---------- SUPPLIED RECORDS ----------

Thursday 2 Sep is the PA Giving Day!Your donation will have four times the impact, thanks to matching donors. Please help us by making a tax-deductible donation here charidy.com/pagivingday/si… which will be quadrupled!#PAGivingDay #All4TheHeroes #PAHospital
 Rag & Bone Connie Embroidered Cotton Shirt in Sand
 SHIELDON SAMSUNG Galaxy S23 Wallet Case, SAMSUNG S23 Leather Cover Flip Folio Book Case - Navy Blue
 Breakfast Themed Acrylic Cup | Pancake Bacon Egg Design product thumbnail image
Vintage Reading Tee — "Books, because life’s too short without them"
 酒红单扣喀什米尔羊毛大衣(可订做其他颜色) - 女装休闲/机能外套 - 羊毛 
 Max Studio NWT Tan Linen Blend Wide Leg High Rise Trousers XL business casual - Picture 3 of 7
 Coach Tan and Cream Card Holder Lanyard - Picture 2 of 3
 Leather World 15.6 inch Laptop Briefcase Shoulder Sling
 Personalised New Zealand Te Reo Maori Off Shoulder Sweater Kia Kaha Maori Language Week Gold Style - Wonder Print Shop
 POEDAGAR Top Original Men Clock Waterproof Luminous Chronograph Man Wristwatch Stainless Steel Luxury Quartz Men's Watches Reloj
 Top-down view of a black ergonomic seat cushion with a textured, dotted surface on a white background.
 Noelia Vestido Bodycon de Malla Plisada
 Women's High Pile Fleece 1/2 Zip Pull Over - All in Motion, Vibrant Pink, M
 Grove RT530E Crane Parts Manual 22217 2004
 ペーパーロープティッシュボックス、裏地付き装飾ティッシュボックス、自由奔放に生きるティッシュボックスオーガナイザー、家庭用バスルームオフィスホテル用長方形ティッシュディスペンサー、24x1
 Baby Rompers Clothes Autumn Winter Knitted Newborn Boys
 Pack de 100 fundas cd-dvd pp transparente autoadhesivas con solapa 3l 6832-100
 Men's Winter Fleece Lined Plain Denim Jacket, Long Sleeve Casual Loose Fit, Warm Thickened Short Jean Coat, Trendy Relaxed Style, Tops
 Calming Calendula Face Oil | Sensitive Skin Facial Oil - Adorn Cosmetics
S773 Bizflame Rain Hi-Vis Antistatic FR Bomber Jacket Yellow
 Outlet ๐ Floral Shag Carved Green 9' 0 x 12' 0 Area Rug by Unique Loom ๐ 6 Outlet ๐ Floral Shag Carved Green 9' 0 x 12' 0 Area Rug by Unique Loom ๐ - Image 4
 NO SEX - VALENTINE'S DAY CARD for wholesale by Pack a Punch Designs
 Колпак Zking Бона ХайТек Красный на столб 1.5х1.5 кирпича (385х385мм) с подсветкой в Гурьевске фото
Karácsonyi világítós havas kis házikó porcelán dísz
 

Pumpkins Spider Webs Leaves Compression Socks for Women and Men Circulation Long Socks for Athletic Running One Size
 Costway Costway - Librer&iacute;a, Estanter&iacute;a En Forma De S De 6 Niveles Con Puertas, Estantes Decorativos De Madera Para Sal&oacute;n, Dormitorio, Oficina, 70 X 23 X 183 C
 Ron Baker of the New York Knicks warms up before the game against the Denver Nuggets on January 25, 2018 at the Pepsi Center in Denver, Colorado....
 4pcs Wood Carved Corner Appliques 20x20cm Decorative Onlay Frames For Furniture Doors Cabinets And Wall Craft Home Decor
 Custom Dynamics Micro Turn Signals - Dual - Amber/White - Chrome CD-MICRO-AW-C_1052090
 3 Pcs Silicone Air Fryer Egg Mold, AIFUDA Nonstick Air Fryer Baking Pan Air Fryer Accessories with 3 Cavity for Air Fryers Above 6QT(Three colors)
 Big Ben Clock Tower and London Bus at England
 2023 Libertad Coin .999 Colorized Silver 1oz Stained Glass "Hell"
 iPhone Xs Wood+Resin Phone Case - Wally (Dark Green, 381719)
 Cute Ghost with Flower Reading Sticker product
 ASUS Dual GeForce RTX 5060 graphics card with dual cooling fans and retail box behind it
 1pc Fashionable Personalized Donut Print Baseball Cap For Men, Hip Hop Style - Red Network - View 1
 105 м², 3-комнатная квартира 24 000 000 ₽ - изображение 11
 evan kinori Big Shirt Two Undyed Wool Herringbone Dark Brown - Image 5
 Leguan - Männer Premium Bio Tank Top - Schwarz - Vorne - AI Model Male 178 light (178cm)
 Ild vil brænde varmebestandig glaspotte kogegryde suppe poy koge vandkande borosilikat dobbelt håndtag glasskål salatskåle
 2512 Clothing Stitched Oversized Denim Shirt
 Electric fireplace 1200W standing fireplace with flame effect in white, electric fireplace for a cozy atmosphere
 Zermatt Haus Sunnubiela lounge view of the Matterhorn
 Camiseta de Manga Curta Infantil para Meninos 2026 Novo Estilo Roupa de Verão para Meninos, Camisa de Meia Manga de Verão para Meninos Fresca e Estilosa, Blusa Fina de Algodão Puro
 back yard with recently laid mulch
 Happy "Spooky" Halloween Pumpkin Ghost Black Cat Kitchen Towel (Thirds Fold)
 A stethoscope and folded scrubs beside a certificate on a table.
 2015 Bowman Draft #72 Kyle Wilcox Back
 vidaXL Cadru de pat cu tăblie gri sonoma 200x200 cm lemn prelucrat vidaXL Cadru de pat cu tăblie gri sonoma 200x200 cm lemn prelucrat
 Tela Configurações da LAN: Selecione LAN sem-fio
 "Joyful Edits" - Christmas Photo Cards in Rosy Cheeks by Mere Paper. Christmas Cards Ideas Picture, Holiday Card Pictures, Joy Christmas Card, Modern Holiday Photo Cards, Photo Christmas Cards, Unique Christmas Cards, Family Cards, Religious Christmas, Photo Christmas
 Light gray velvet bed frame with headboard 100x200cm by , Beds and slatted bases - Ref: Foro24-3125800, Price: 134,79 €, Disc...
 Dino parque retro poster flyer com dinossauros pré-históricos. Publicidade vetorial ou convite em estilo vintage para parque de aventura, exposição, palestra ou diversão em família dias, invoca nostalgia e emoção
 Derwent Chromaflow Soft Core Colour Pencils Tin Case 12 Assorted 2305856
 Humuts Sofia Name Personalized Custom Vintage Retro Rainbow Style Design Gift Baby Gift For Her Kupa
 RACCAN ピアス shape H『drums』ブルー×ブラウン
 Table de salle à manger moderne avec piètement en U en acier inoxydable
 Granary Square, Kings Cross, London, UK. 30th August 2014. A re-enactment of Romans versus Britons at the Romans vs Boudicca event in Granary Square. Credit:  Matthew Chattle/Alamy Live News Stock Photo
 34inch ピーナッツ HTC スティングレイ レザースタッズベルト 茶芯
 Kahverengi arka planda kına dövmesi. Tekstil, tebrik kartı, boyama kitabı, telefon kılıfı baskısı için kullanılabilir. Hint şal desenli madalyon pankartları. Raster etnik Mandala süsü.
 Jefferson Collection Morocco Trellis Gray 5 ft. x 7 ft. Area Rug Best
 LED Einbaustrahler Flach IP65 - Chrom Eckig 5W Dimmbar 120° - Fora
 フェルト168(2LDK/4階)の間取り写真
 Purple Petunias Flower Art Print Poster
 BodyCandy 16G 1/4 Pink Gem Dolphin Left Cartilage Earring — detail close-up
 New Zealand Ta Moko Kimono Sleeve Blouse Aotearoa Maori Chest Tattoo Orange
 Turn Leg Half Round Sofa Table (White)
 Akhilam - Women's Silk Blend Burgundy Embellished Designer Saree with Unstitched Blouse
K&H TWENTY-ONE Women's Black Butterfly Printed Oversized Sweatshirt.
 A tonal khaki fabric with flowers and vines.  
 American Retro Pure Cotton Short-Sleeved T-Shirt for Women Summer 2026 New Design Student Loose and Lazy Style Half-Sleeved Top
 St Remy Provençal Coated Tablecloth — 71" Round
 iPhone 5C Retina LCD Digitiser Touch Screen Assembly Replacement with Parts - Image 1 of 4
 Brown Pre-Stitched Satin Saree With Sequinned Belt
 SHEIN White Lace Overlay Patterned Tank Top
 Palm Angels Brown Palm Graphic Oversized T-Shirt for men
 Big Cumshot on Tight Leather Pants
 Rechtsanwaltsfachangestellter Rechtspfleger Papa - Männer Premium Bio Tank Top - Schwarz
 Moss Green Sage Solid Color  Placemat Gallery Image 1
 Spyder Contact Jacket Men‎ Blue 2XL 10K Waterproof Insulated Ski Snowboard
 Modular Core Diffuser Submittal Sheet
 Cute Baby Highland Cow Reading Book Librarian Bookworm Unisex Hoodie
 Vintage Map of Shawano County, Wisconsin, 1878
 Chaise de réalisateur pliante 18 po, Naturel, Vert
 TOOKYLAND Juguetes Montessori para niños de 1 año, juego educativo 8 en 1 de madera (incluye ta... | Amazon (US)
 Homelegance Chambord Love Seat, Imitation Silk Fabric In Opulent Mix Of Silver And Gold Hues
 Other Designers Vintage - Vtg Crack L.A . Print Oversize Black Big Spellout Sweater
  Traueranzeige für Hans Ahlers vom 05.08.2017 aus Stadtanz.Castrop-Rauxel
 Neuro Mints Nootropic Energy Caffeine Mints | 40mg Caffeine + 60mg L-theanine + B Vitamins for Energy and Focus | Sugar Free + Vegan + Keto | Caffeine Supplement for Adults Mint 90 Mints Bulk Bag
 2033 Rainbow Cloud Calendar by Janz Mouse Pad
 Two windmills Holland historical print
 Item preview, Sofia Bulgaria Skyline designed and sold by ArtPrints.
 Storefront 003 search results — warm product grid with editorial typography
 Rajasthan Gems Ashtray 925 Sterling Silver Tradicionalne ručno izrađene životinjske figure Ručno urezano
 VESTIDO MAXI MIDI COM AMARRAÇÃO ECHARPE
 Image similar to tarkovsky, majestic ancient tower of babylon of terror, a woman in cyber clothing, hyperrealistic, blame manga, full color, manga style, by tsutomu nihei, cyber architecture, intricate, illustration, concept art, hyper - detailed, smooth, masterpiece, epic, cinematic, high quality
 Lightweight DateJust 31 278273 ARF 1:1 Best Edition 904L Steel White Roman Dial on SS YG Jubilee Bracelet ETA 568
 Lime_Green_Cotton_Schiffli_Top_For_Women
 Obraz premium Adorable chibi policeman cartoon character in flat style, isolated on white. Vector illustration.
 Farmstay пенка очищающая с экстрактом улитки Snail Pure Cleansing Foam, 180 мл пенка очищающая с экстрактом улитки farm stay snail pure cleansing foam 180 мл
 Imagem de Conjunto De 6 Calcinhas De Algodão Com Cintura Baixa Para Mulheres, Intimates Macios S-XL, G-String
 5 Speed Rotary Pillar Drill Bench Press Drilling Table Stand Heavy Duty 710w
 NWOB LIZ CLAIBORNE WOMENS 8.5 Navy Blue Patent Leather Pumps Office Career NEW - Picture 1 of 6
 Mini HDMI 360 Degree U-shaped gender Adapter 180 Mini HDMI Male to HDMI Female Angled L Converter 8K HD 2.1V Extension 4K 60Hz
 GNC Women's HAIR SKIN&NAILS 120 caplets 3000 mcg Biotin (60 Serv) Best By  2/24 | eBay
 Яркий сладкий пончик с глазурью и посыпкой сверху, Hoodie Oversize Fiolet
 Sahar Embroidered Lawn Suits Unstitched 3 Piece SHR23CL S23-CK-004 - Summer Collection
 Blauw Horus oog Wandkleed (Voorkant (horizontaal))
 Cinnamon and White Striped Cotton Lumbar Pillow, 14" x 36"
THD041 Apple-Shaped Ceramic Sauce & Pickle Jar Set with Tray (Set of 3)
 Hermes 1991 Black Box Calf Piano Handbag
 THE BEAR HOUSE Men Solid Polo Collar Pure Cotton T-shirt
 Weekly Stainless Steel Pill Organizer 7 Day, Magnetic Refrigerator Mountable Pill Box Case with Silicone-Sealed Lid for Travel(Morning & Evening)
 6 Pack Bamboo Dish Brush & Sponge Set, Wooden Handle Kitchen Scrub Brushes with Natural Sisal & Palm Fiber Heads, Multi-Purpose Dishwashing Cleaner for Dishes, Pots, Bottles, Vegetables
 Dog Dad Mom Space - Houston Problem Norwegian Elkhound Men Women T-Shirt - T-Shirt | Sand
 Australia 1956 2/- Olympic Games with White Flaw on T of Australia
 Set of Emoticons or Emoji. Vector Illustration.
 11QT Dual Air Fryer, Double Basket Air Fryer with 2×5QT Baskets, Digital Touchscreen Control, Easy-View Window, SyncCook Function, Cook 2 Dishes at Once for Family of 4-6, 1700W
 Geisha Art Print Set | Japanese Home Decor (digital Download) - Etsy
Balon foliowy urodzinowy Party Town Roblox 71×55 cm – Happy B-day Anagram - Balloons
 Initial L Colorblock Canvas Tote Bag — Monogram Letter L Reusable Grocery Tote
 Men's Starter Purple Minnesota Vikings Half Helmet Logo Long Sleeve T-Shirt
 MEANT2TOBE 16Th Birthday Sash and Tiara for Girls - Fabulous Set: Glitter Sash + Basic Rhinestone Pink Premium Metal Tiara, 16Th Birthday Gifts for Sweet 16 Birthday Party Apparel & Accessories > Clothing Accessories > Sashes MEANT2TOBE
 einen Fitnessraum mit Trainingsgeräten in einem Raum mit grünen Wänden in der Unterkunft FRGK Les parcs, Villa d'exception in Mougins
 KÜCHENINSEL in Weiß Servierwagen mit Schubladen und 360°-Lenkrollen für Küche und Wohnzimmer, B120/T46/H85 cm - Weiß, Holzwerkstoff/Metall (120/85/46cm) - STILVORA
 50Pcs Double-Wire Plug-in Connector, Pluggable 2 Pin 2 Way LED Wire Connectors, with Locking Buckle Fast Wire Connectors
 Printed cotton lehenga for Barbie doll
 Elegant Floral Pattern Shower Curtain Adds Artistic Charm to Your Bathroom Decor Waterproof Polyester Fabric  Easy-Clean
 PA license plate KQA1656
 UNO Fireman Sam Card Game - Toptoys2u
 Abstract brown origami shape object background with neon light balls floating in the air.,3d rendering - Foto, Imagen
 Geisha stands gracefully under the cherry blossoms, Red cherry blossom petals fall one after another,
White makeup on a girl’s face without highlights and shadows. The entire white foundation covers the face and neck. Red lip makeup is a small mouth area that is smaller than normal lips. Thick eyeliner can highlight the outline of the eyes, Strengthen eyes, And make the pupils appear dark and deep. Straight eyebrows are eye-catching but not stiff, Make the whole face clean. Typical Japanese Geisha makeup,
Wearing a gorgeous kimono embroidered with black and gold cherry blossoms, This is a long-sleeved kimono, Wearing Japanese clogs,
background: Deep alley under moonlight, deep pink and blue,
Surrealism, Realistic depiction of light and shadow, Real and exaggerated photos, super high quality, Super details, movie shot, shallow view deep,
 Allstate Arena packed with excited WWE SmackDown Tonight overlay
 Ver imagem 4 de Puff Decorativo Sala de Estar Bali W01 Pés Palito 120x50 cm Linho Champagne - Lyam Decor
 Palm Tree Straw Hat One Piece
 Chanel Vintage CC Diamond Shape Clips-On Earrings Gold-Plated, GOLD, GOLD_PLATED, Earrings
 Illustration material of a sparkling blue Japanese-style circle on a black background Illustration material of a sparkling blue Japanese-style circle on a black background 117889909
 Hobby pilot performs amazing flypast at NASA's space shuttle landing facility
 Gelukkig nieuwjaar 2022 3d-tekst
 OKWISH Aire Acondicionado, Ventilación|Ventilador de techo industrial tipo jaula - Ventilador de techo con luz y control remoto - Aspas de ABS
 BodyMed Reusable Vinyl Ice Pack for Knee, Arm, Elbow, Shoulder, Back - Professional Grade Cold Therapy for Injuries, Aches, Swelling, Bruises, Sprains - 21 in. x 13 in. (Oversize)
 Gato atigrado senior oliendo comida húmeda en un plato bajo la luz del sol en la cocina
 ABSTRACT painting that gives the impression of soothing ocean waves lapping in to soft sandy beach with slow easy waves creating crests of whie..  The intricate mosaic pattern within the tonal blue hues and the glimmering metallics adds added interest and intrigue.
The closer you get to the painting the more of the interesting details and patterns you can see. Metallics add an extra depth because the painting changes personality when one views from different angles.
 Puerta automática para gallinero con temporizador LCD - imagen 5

----------

:: PROBLEM REQUIREMENTS ::
Begin with the line above that has "Dino parque retro" and continue through the line that has "RACCAN ピアス shape H『drums』ブルー×ブラウン", setting each one down exactly. Stop there.

:: EXPECTED ANSWER ::
 Dino parque retro poster flyer com dinossauros pré-históricos. Publicidade vetorial ou convite em estilo vintage para parque de aventura, exposição, palestra ou diversão em família dias, invoca nostalgia e emoção
 Derwent Chromaflow Soft Core Colour Pencils Tin Case 12 Assorted 2305856
 Humuts Sofia Name Personalized Custom Vintage Retro Rainbow Style Design Gift Baby Gift For Her Kupa
 RACCAN ピアス shape H『drums』ブルー×ブラウン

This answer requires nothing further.